Thursday, 16 July 2015

The Gauci "identifications"

[What follows is the text of a report published on the BBC News website on this date in 2008:]

The man convicted of the Lockerbie bombing has called in an American psychologist to help clear his name.

Abdelbasset al Megrahi, 56, claims an identity parade line-up was unfair and has challenged the way photos were shown to potential witnesses.

Prof Steve Clark, of the University of California, is said to be an expert on identification procedures.

At Edinburgh's Court of Criminal Appeal, Megrahi's defence team sought the right to show photos to Prof Clark.

Margaret Scott QC said it was "unprecedented" that she should have to ask judges to order the handover of the original photos.

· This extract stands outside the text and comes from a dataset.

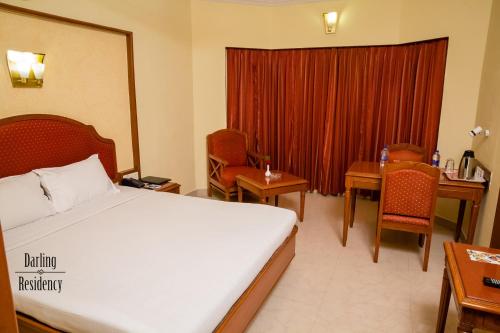 a hotel room with a bed and a table and chairs at Darling Residency in Vellore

Appeal judges are expected to hear further legal argument on the question next month.

Megrahi is currently serving life in jail for the 1988 atrocity, in which 270 people died.

He lost one appeal against conviction but the Scottish Criminal Cases Review Commission, which investigates possible miscarriages of justice, told the courts to look at the case again.

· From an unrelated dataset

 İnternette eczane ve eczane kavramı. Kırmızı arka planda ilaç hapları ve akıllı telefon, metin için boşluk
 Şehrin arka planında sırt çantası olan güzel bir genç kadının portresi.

Megrahi's second attempt to overturn his conviction has led to a number of legal wrangles - including a long-running row about whether defence lawyers should be allowed access to secret documents.

[RB: The report that Professor Clark produced can be read here. A similar report by Professor Tim Valentine can be read here. The views on the case of the doyenne of the psychologists of eyewitness memory, Professor Elizabeth Loftus, can be read here. Their unanimous conclusion is that the “identification” of Megrahi by Tony Gauci is valueless.]


  1. "Their unanimous conclusion is that the “identification” of Megrahi by Tony Gauci is valueless."

    Great that reputed experts state their findings, and behind all of them there is clearly a serious piece of research.

    It is also nice when such experts reach the same conclusion as I think most people would have if they did not in advance were hellbent on finding guilt:
    Giving initial information that conflicts with the finding wanted in the end, changing your statements along the way, making wrong pics (as is pointed out: in the presence of people who know the 'right' answer and even receiving suggestions from them) and ending up with something like 'resemble' or 'little bit exactly like', no, that does not somehow translate into usable identification evidence.

  2. There is also a third expert report prepared by Professor David Canter and others, of the University of Huddersfield, which is worthy of mention. The conclusions are the same.